Yesterday, the county agreed to beg the governor for permission to enter phase 2 of stage 2. The state has “acknowledged receipt of the Form”.

Should they approve it, dine-in restaurants, full-service car washes, shopping malls, and pet grooming will once again be legal. Not sure about haircuts, since there’s industry-specific advice that suggests yes, but they fall into a category that’s still listed as “phase 3”.

On the bright side, residential cleaning services will be permitted to reopen, which means I can have my already-pretty-damn-clean house thoroughly scrubbed.

Hopefully my dentist had the financial resources to ride this out and can reopen. Soon.
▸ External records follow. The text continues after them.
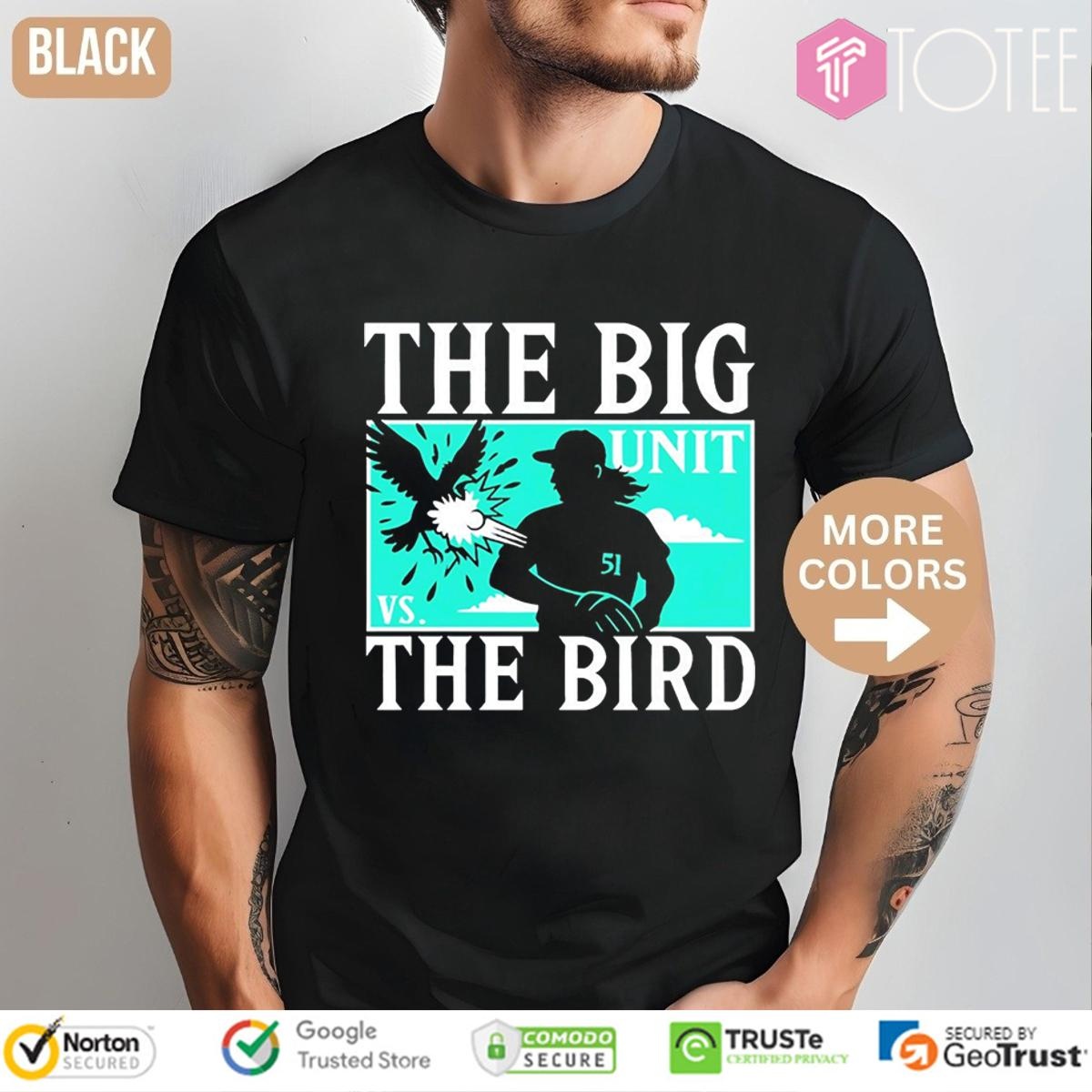 The Big Unit Randy Johnson Arizona Diamondbacks The Bird T-shirt 1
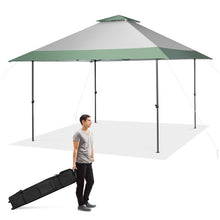 Load image into Gallery viewer, 13 x 13 Feet Pop-Up Patio Canopy Tent with Shelter and Wheeled Bag-Gray
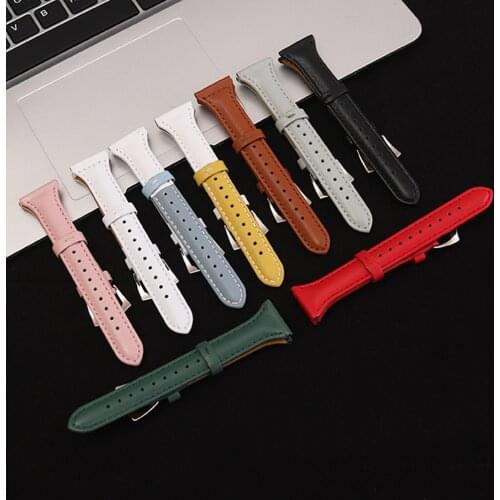22mm Top Leather Watchband 10 Colors Available Watch Strap for Samsung Huawei 22mm Watch Band Accessory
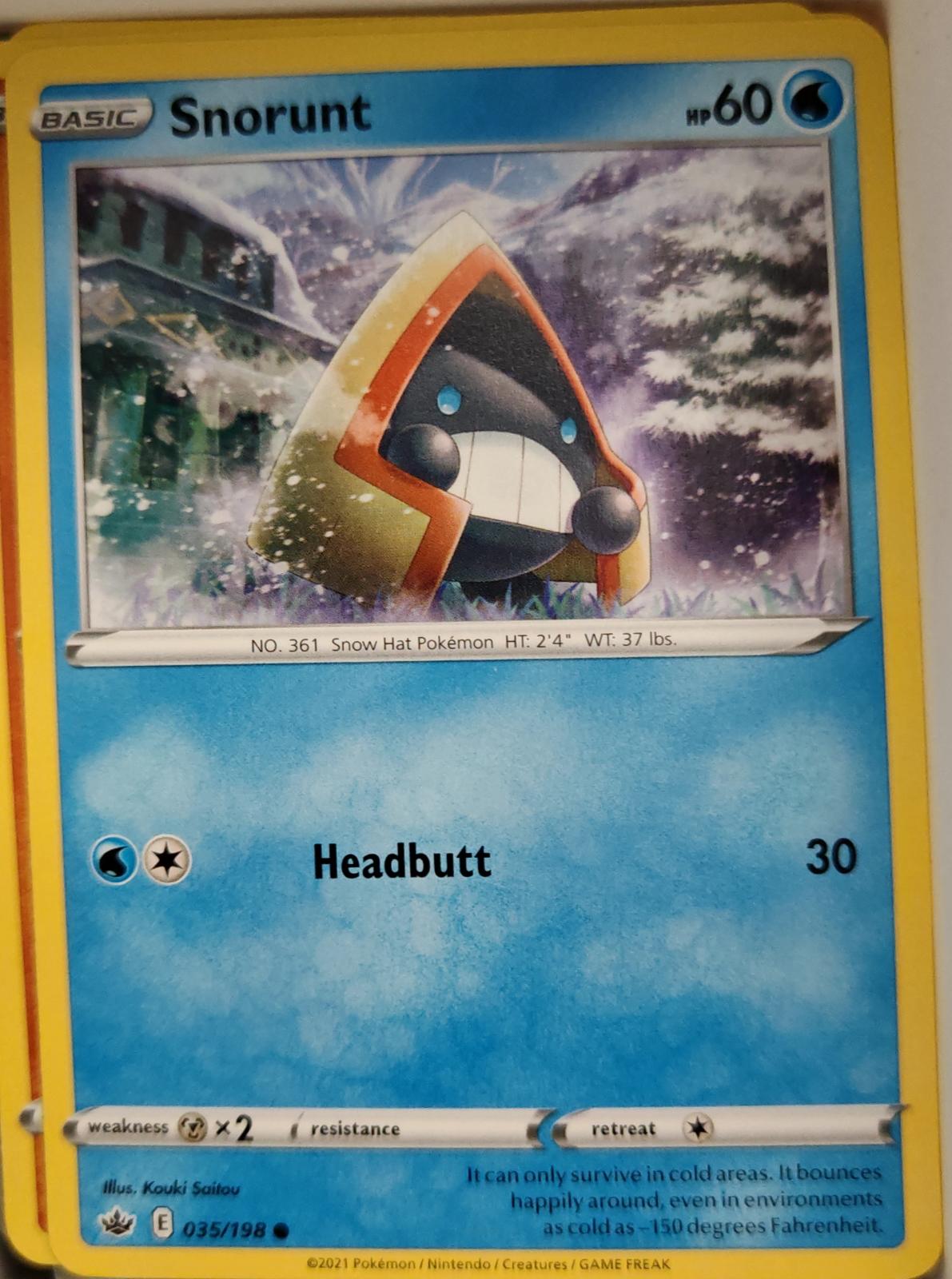 Snorunt - 035/198 - - CHILLING REIGN - Pokemon - Common | AA03-37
By golly, haircuts are in stage 2.2 now

…assuming salons and barbershops meet the detailed requirements to reopen, some of which assume the owner/operator has plenty of extra money to upgrade the facilities and purchase a large stock of disposable everythings. And that they can get stylists to come back to work despite making more on unemployment thanks to the extra-goodies laws.

(in many cases, stylists are basically independent operators who rent their stations, making them ineligible for unemployment benefits, but California mostly outlawed freelancers this year, so I’m not actually sure what their status is any more)

Creeping featurism, Jira plugin edition…


So there’s a third-party plugin for Jira called “Git Integration for Jira”, whose description claims that all it does is query your Gitlab server and display links to the commits that reference the current Jira issue.

Nowhere does it mention that it also defaults to sending warning emails to addresses mentioned in the commits, even if they don’t map to any of your Jira users.

Like, say, the Freeswitch mailing list.

The initial helpdesk ticket wasn’t terribly useful in figuring this out, since it consisted of a screenshot of someone’s inbox that didn’t include their email address or even a full subject line, much less something useful like, say, complete email headers. It took three rounds with one of our local devs to elicit the keywords “git integration plugin”, “project key FS”, and “smart commits”.

That last bit is what let me know I was looking at the correct configuration screen, since it’s right above the feature to randomly send email to addresses scraped from the git commit.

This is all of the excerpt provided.